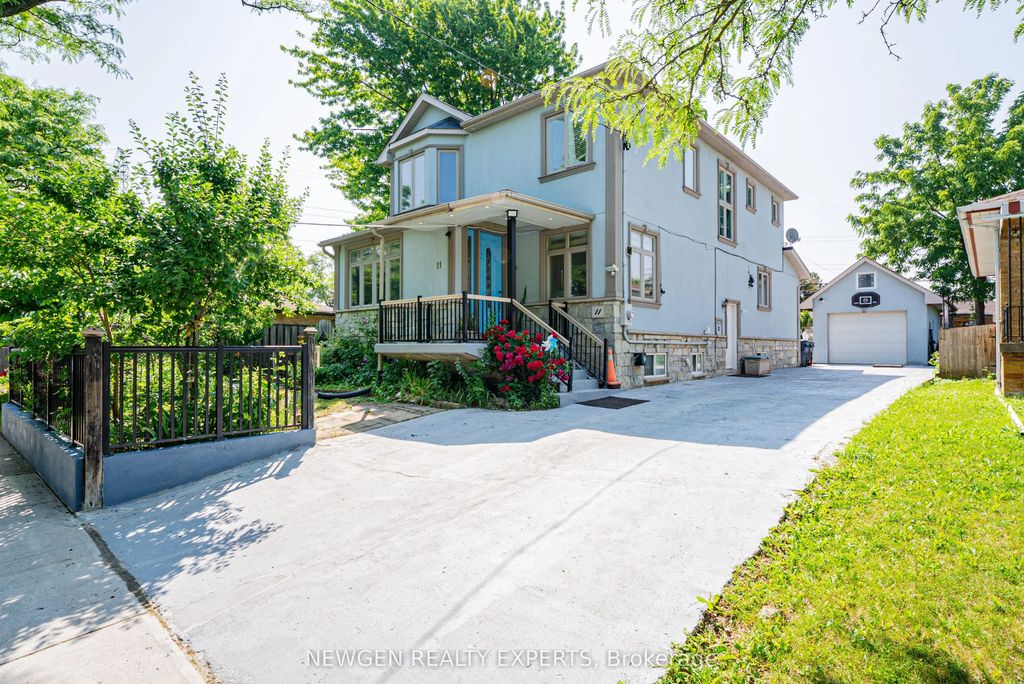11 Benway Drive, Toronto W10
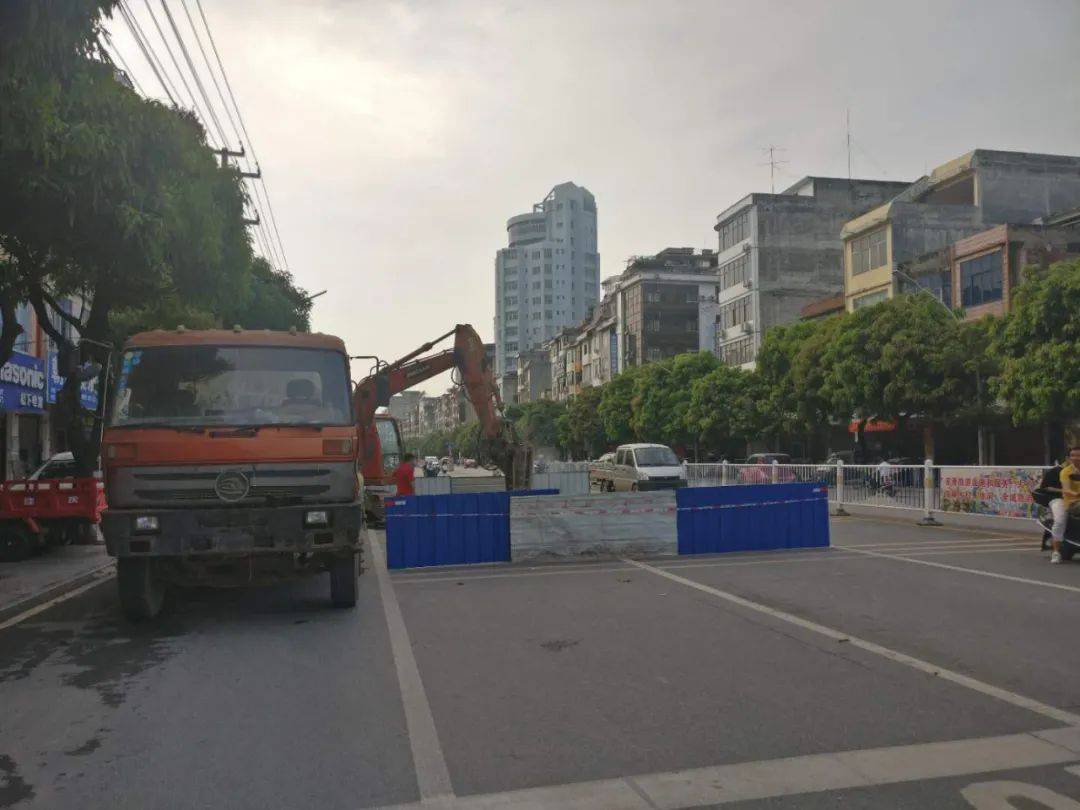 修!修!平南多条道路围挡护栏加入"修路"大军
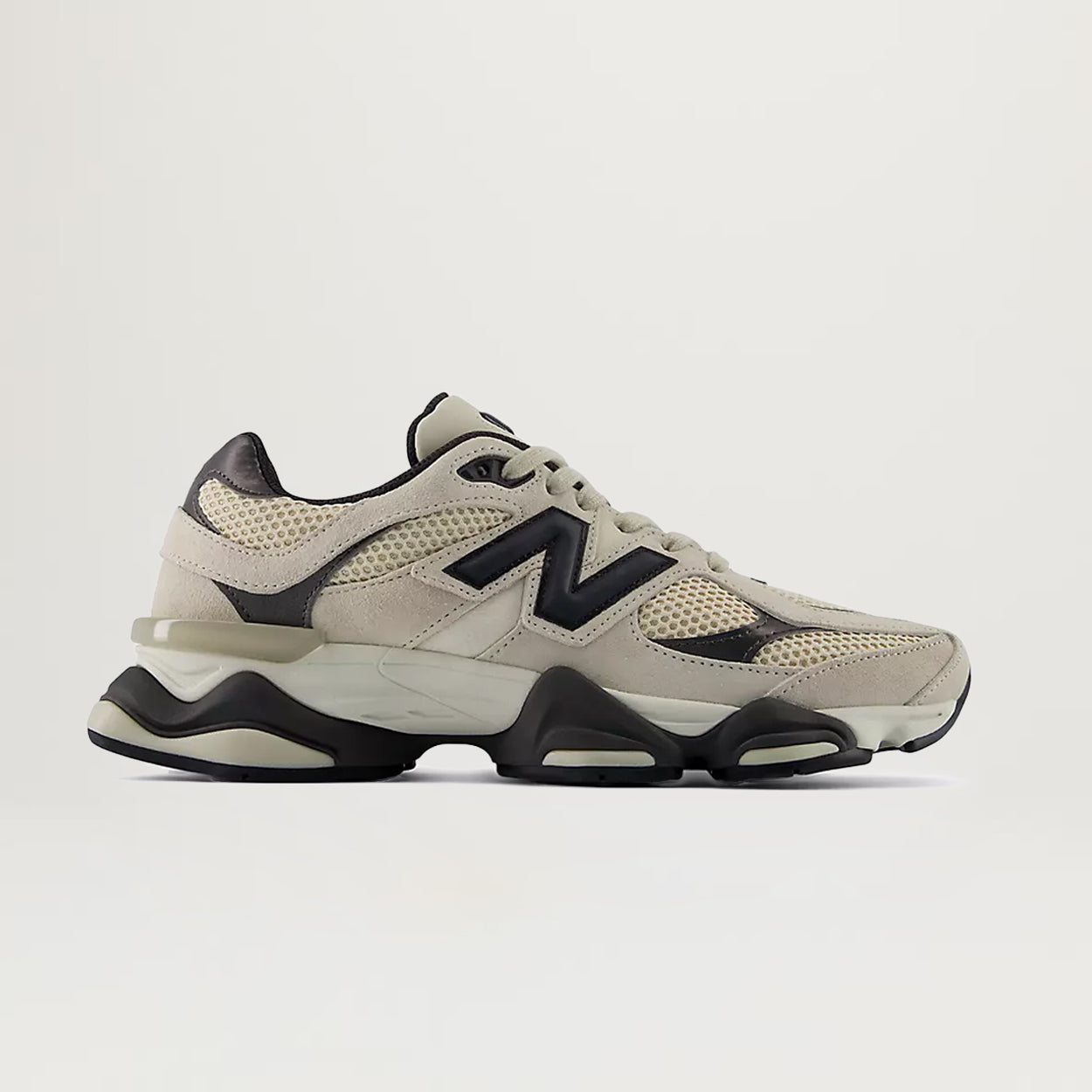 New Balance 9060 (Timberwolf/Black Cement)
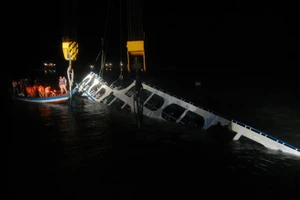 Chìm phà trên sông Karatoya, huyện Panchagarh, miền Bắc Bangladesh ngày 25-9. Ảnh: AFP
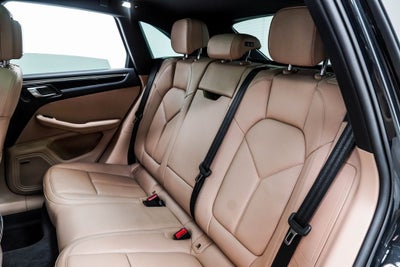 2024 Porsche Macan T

▶ Prompt
Take each line from the records and copy it unchanged, leaving images out.

▶ Exercise answer
11 Benway Drive, Toronto W10
 修!修!平南多条道路围挡护栏加入"修路"大军
 New Balance 9060 (Timberwolf/Black Cement)
 Chìm phà trên sông Karatoya, huyện Panchagarh, miền Bắc Bangladesh ngày 25-9. Ảnh: AFP
 2024 Porsche Macan T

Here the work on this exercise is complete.